Помнится то, что восхищало
Когда вспоминаешь молодость, - пьяный и сладчайший её сок может охмурить. С ним любая еда - луккулов пир, с ним светлую сторону имеет любое воспоминание; отведав его, ты легок на подъем и беспечно можешь подставиться под бесплатную нагрузку… Если б не этот сок, внезапно брызнувший в нос и в глаз, я, честно говоря, мог бы и не отозваться бы на предъюбилейный звонок из МОПИ: юбилеи, наравне с презентациями, в последние несколько лет, вообще говоря, досmали. Но если тогда тебе было 20 или 23… - о, тогда все, что угодно! Стихи? Неважно, что я не поэт, а драматург - извольте стихи! Прозу? Мемуарную? С наслаждением! (Только бы в этом меду не засахарить вас!).

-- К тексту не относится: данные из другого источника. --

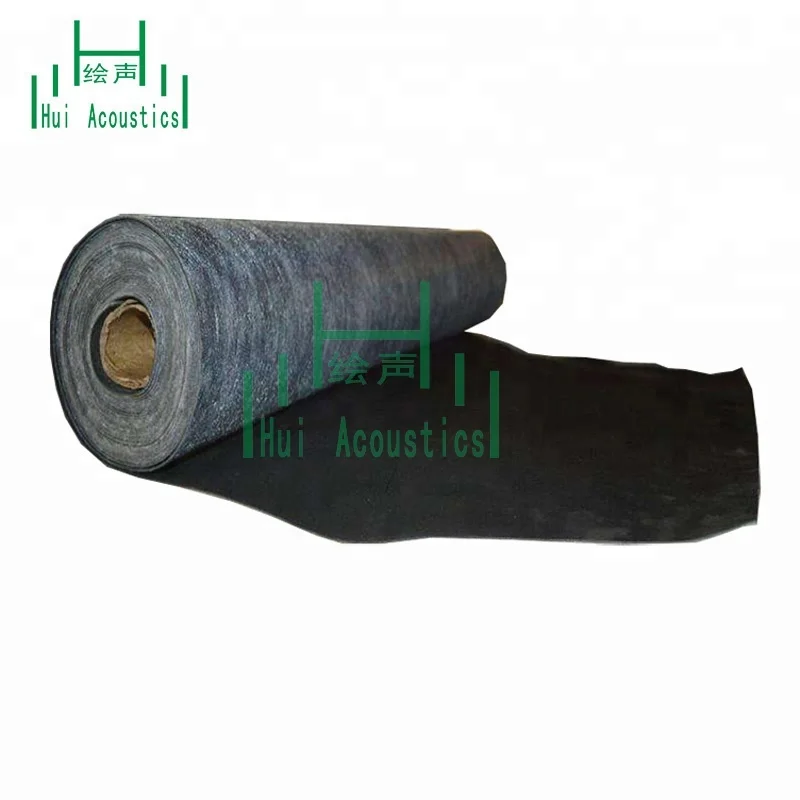 Acoustic Wall Felt Composite Building Indoor Material Architecture Soundproof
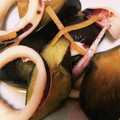 はろーもえか's cooksnap of when they made イカとナスの煮物.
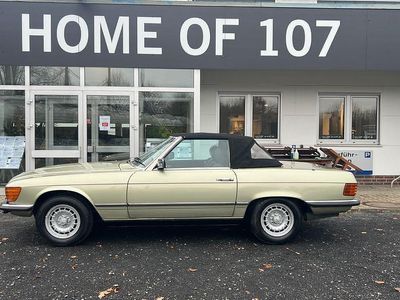 Usata Mercedes SL280 185 CV (136 kW) 1981 Verde Cabrio
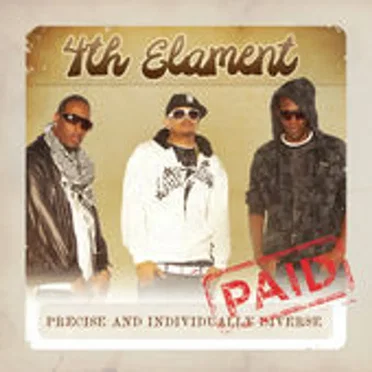 P.A.I.D. (Precise and Individually Diverse) by 4th Elament - album cover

Когда наш первый курс собрали в большой аудитории, выяснилось: соотношение девушек и парней напоминает предприятие гор. Иванова -то ли шелкокрутильное, то ли ситценабивное. Распушил ли я хвост, использовал ли выгоды своего положения? Скорее, испугался чего-то. Помнится легкий туман в голове - тот, из которого стихи рождаться могут (чаще - плохие), а поведение, подчиненное ясной логике, - едва ли.
Туман держался несколько недель. Девушки пахли духами и ни с чем не обращались к нам. Мы вальяжно или деловито курили на переменах и тоже ни с чем не обращались к ним. Нам изредка приходилось сконфуженно клянчить их аккуратные конспекты, но общего рисунка отношений это не меняло: всех сковали дурацкие провинциальные комплексы! Всех - кроме одной пары, про которую я чуть дальше скажу; там все было по-другому, как завистливо представлялось мне… Убейте - не вспомню, когда и как все упростилось и пала прозрачная "Берлинская" стена между полами. Кажется, только поездка на целину ее порушила! А не послали бы нас в акмолинскую степь, - напряженность, жеманство и петушиная горделивость до 4-го курса могли бы разъединять нас.
Впрочем, если кто-то из однокурсников запротестует: "Да ничего подобного! Полонский всегда был сочинитель! - я замкнусь в убеждении, что на самом деле стенка была между всем этим "шелкокрутильным" и пахнущим духами девичником - и мною одним. Между прочим: в девятом и десятом классах не наблюдалось со мной ничего похожего; да я 70 процентов времени проводил в школе с девчонками! Что же на курсе-то поехало не туда?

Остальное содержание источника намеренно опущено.